Energiepakt zwischen Iran und Türkei vorerst geplatzt. Teheran lehnt türkisches Vermittlungsangebot im Atomstreit ab

Von Nico Sandfuchs, Ankara *

Ankara wird vorerst keinen Vertrag über den Ausbau der türkisch-iranischen Beziehungen im Energiesektor unterzeichnen. Dies teilte der türkische Staatspräsident Abdullah Gul am Donnerstag abend bei einer gemeinsamen Pressekonferenz mit seinem iranischen Amtskollegen Mahmud Ahmadinedschad in Istanbul mit. Vertreter beider Seiten hatten noch am Dienstag verkündet, daß der bereits seit einem Jahr verhandelte Energiepakt »unterschriftsreif« sei und während des zweitägigen Besuchs des iranischen Präsidenten in der Bosporus-Metropole unterzeichnet würde.

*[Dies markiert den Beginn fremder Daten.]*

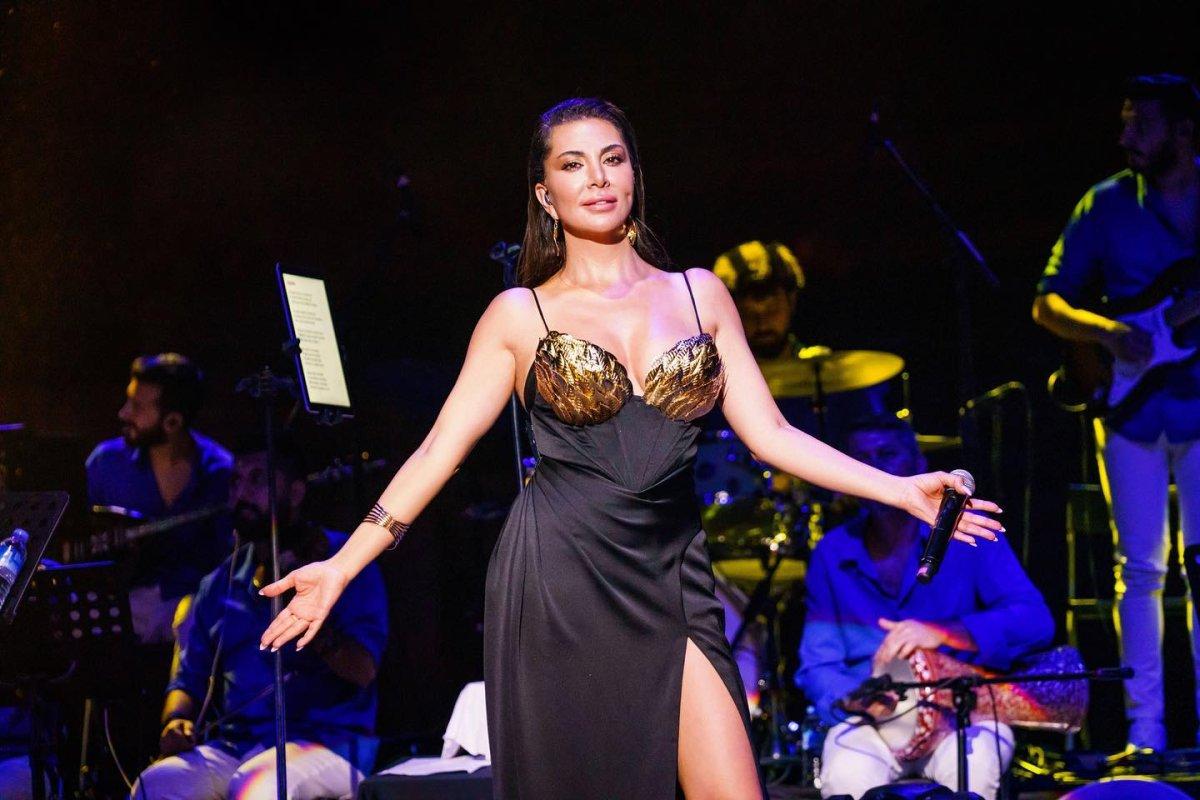 Ebru Yaşar’ın altından sahne kostümü beğeni topladı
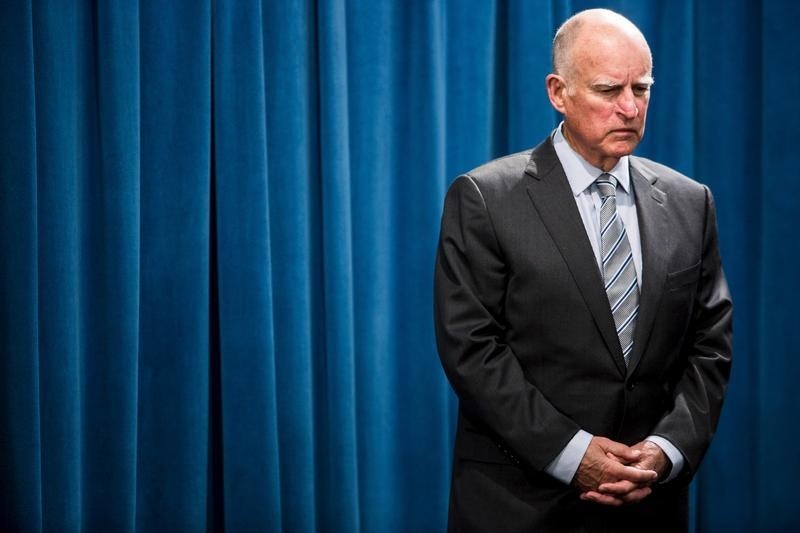 © Reuters. California Governor Jerry Brown waits to speak during a news conference at the State Capitol in Sacramento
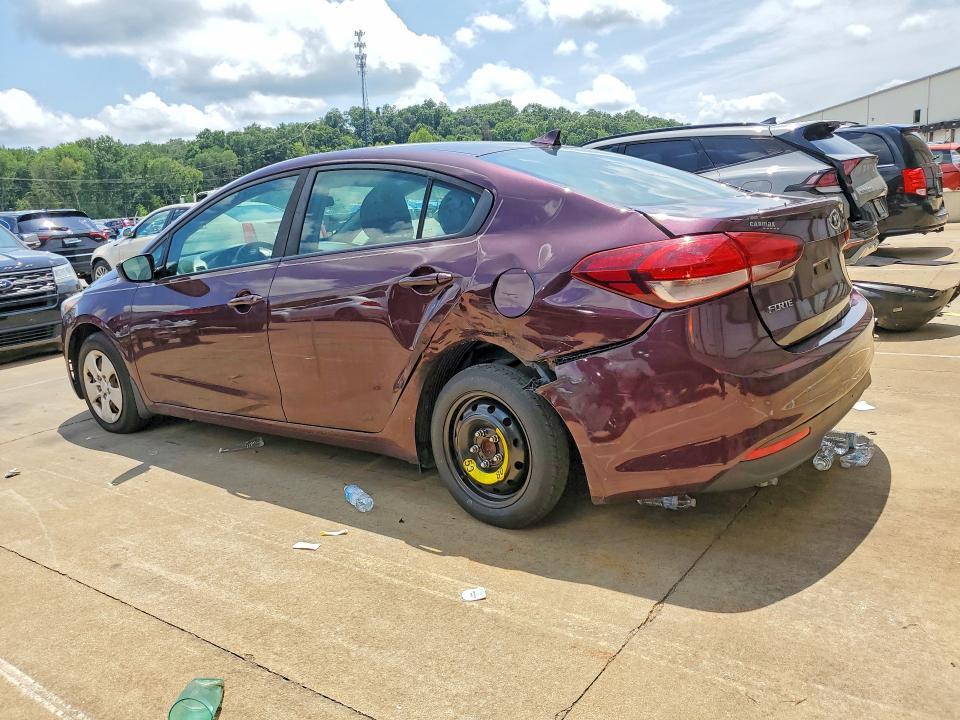 2018 KIA FORTE LX — Фото 2 из 12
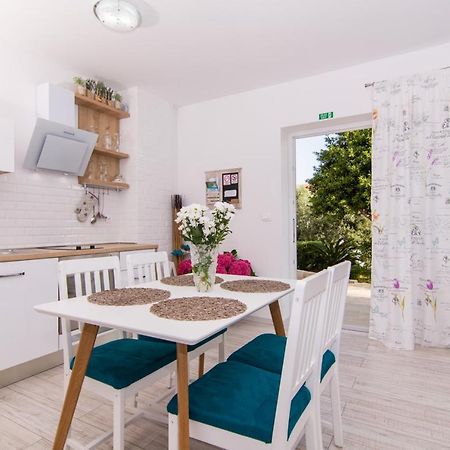 Апартаменты Apartman Sun Солин Экстерьер фото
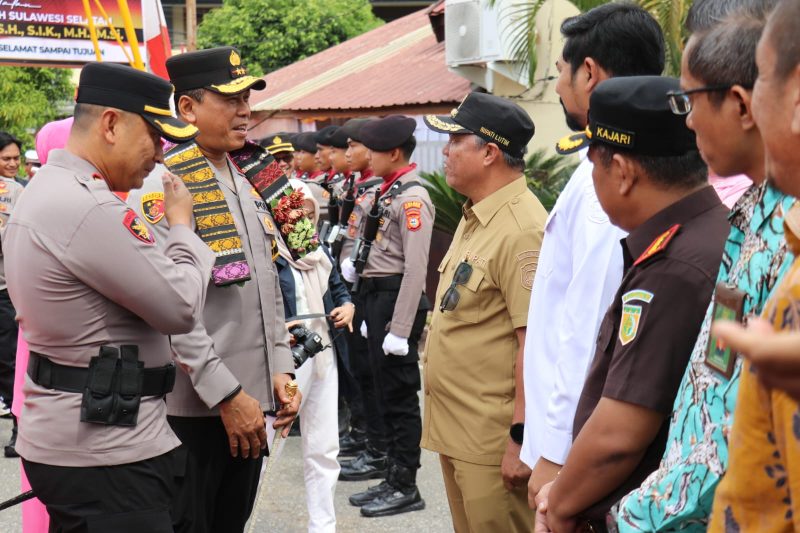 Bupati dan Wabup Luwu Timur Sambut Kedatangan Kapolda Sulsel di Mapolres Lutim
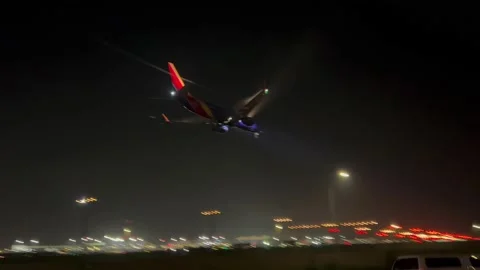 LAX Plane Landing Night 스톡 동영상 200792268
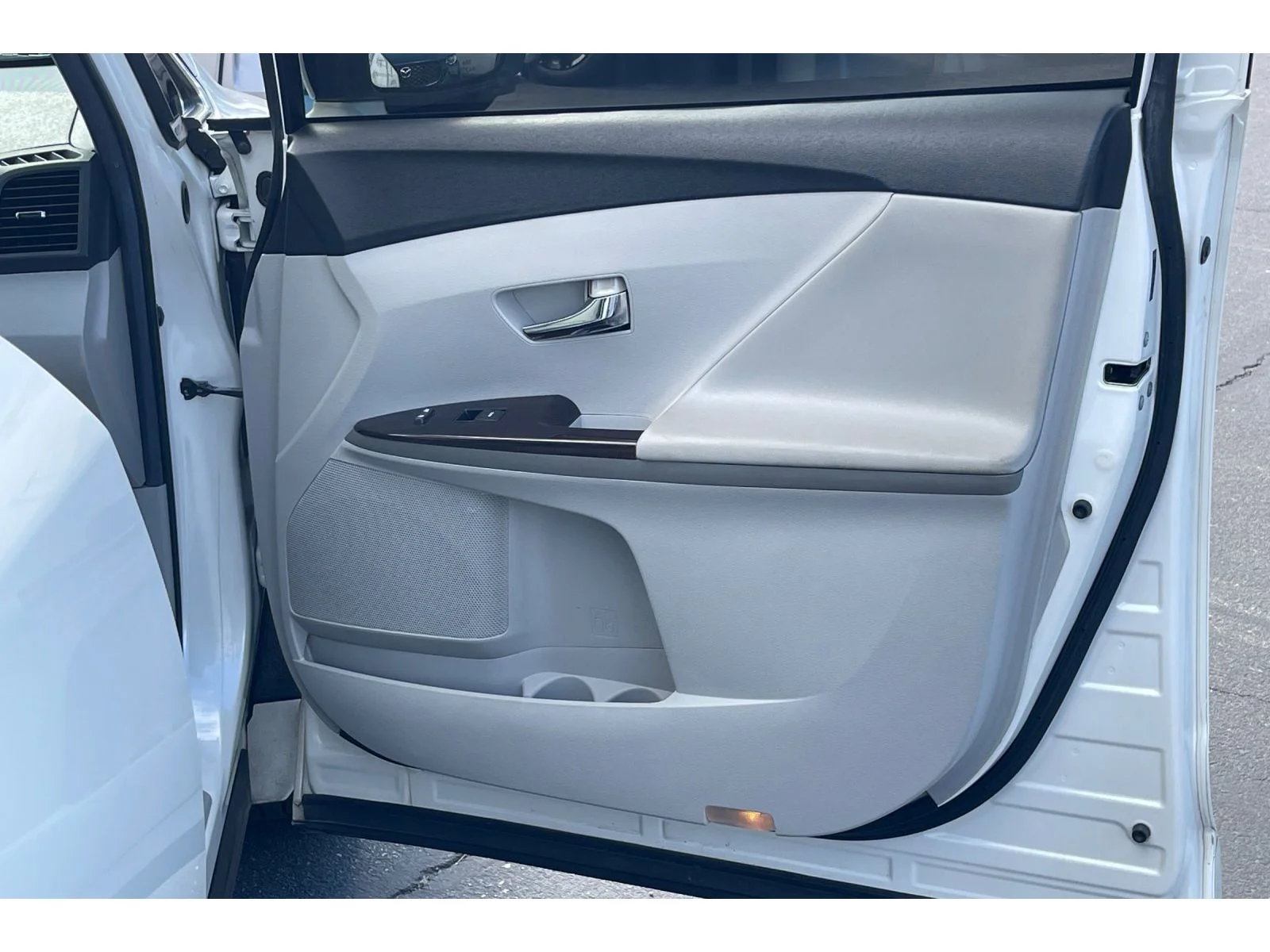 Used 2011 Blizzard Pearl Toyota Base image 21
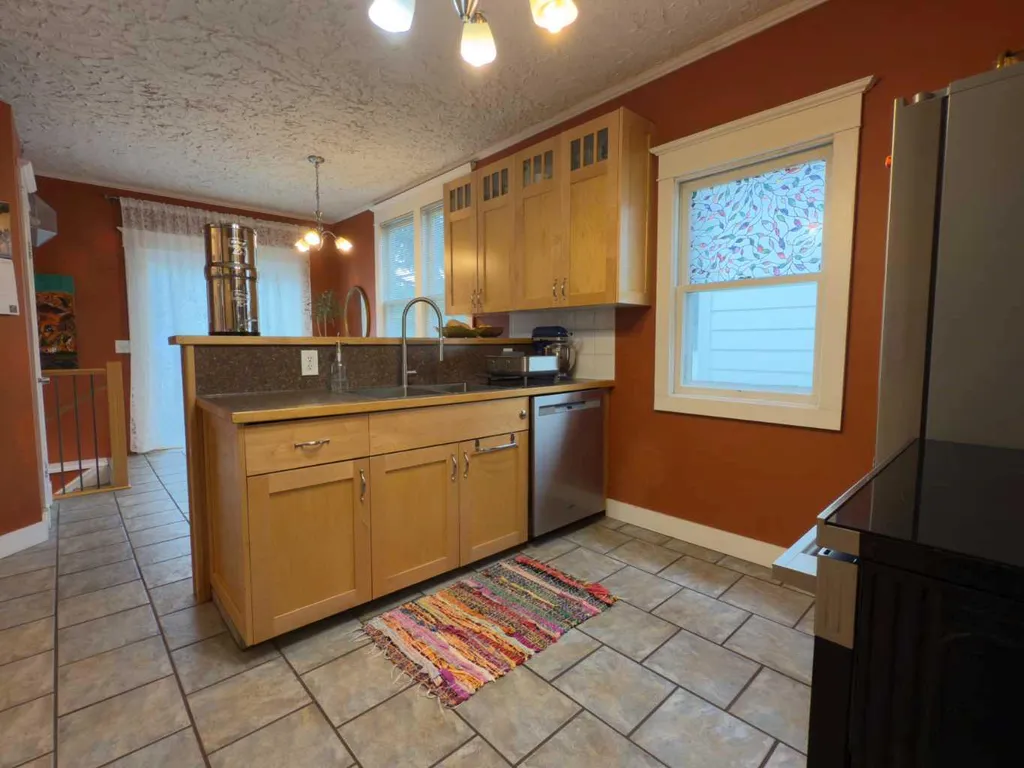 1126 19 Avenue NW Calgary AB T2M 1A1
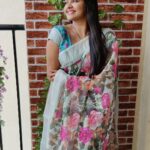 Rachitha Mahalakshmi Instagram – Love for my floral saree collections ❤️❤️❤️❤️❤️
:
Flowery evenings 🌹🌸🌷🌼🌺💮🏵️💮🌺🌼🌷🌸🌹🌸🌷🌼🌺💮🌹😇
:
#sareelove @srinivi_collectionz 😇😇
:
#supportwomenentrepreneurs🙋🏼💪🏻
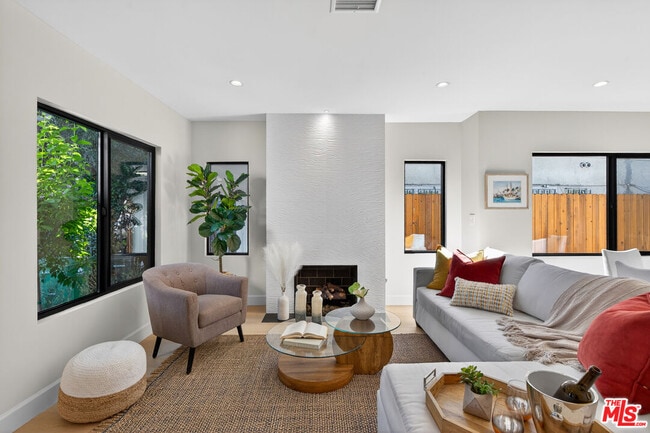 Photo - 2931 S Bronson Ave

In dem Vertrag geht es um den Bau einer weiteren Gaspipeline zwischen den beiden Ländern und um einen 3,5 Milliarden Dollar schweren Deal der staatlichen türkischen Ölgesellschaft (TPAO) zur Ausbeutung von Gasfeldern im Südiran.

Washington und Tel Aviv hatten im Vorfeld scharf gegen die Einladung Ahmadinedschads protestiert, da diese eine Aufweichung der Bestrebungen zur internationalen Isolierung Teherans darstelle. Nur wenige Stunden vor der Ankunft des iranischen Präsidenten in Istanbul warnte die US-Administration zudem vor der Unterzeichnung eines Abkommens mit dem Iran. »Ein solcher Vertragsschluß wäre zum jetzigen Zeitpunkt das falsche Signal. Jetzt ist nicht die Zeit, um Geschäfte mit dem Iran zu tätigen. Sondern jetzt ist (...) auch für unseren Alliierten Türkei die Zeit gekommen, sich Gedanken über weitere Maßnahmen gegen den Iran zu machen«, ermahnte das US-Außenministerium die türkischen Entscheidungsträger.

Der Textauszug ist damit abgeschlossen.